Еще о греко-болгарской распре - [5]
Собирается местный собор в Царьграде. Народ, подстрекаемый агитаторами, шумит и угрожает патриархам и епископам, требуя объявления раскола.
Раскол объявлен. Болгарские крамольные архиереи преданы проклятию; акты собора посланы ко всем независимым Церквам. Греческие газеты гремят против панславизма, против России, против нашей дипломатии и нашей печати. Отборные ученые, более гуманные архиереи сбираются ехать во все болгарские епархии, чтобы бороться там против этно-филетизма авторитетом старой, православной Церкви, у Порты греки стараются вымолить приказание болгарскому духовенству изменить камилавки и вообще внешний вид, чтобы поразить новшеством болгарский простой народ. Греки пишут брошюры, жертвуют деньги, устраивают везде силлоги (литературно-политические круги).

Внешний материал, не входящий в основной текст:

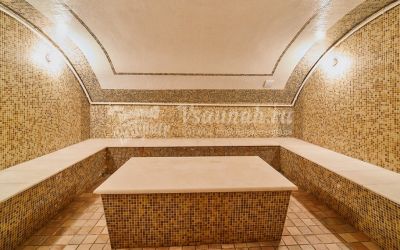 Сауна Бригантина в Челябинске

Патриарх и берлинский посол обмениваются визитами и любезностями.
Греческое духовенство с содроганием, а молодые этно-филетисты (и старые тоже) с радостным нетерпением ждут официального ответа от русского синода. И те, и другие думают, что русский синод, быть может, станет открыто и безусловно за болгар...

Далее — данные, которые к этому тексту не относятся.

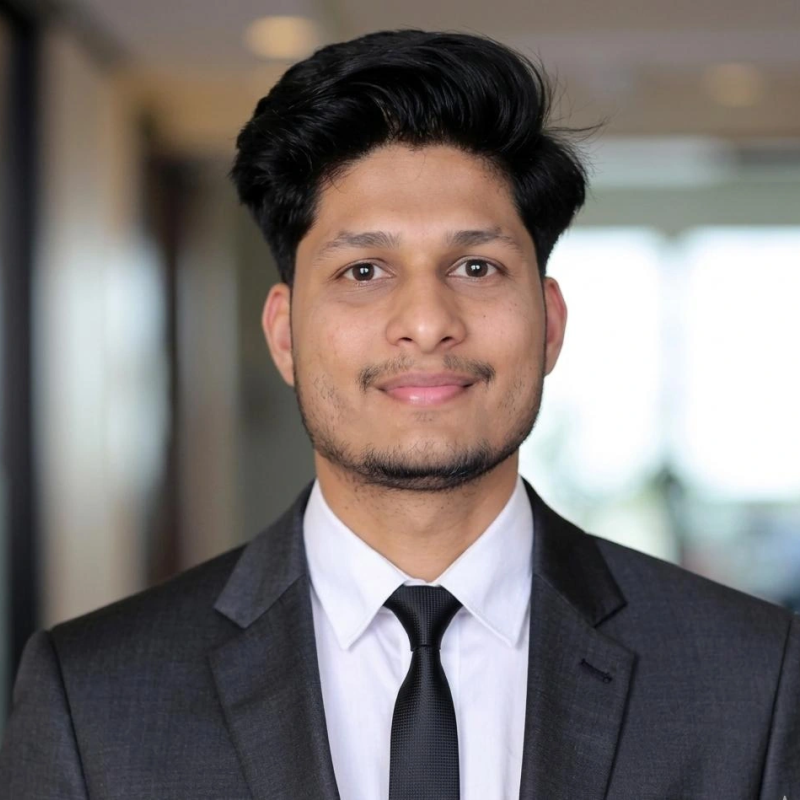 Sidharth Mundra - Operations Associate | Stackforce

– Неужели за болгар? Ведь их формальная неправота так ясна, так неоспорима? – думает грек православный.
– Неужели противу болгар? – спрашивает себя грек этно-филетист.
Но вот проходит год, два, три... Денежные жертвы небогатой, малочисленной нации скудеют; настает усталость, начинаются раздоры, упреки умеренных людей. Находятся наконец и такие греки, которые говорят, что объявить схизму в церковном смысле, пожалуй, и правильно, потому что болгары сами себя отделяли; но что именно в национальном отношении со стороны греков собор был ошибкой, ибо при схизме, при той свободе действий, которую эта схизма дает болгарам, не будет уже никакой возможности удержать грекам за собою Фракию и Македонию, что болгарские всходы, благодаря схизматической свободе, пробьются с неудержимой силой везде, даже и на стенах самого Царьграда!..
Порта отказывает в бератах тем греческим архиереям, которые хотят ехать в болгарские епархии. Турецкие министры говорят, что они уже утомлены беспорядками, спорами из-за владения церквами, что они позволят ехать греческим епископам только в те болгарские города, откуда придут прошения, подписанные значительным числом жителей. Прошений этих, конечно, нет, ибо и болгаре не дремлют; движение их столько же сильно, как и движение греков, хотя и менее шумно.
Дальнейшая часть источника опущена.